-- SOURCE DATA --
━━━━━━
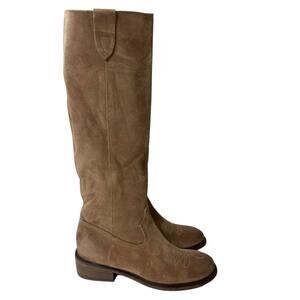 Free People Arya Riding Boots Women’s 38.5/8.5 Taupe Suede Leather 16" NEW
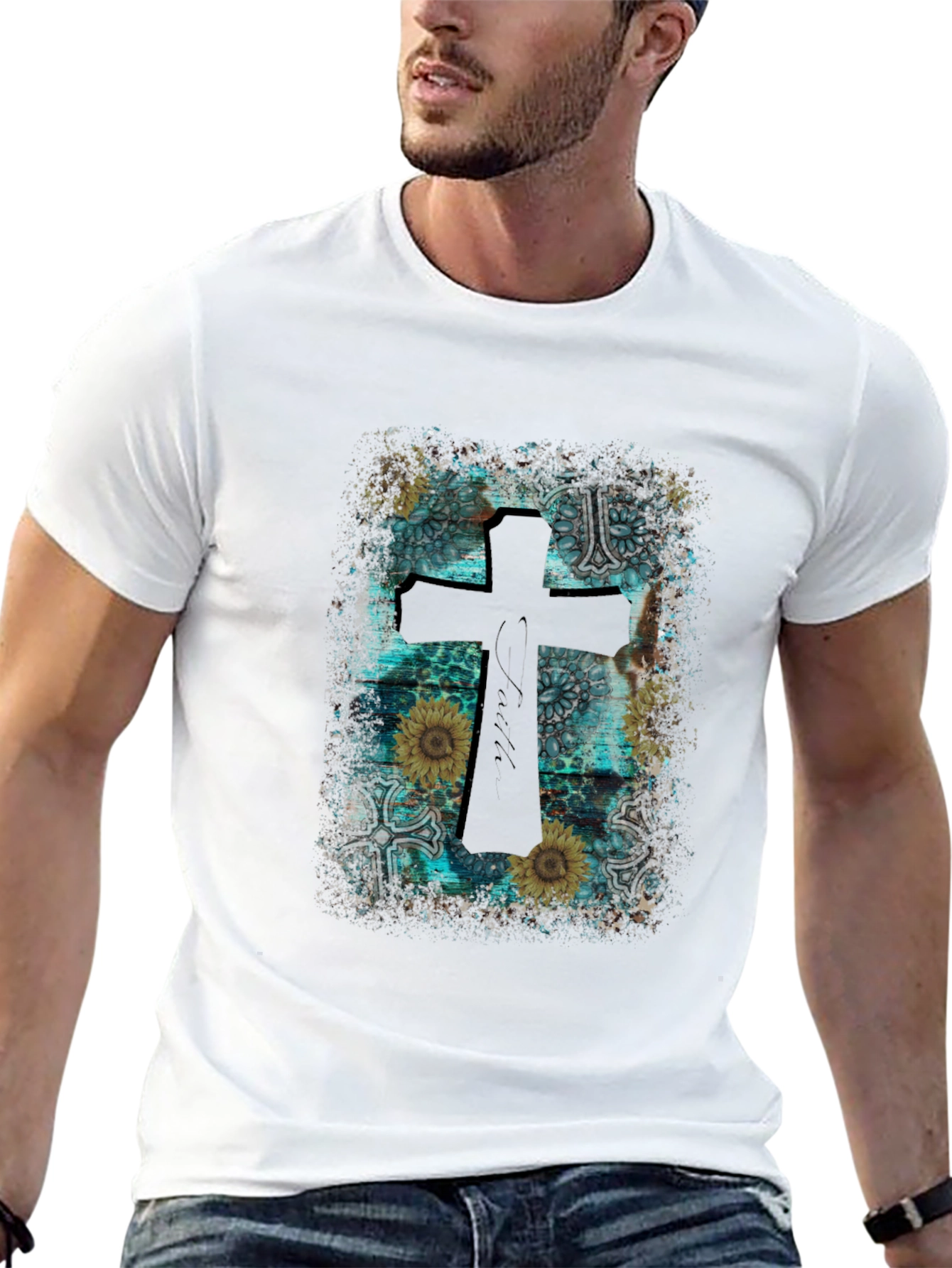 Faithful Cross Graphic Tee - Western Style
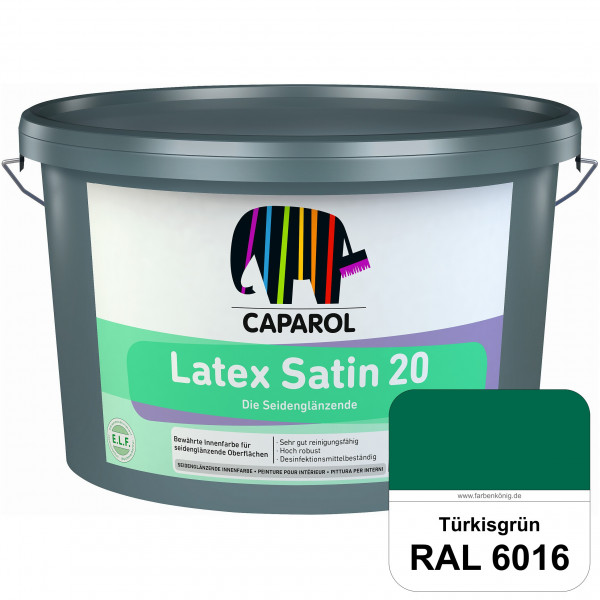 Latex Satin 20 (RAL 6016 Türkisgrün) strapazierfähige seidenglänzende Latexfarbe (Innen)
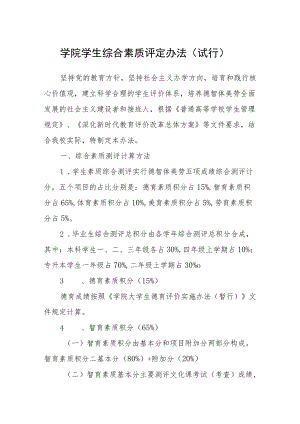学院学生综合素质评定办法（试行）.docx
━━━━━━
-- ABOUT THIS EXERCISE --
Repeat only the lines from the one with "Latex Satin 20" through the end of the data, both included and exactly as written. Pictures stay out of the copy.

-- WRITTEN ANSWER --
 Latex Satin 20 (RAL 6016 Türkisgrün) strapazierfähige seidenglänzende Latexfarbe (Innen)
学院学生综合素质评定办法（试行）.docx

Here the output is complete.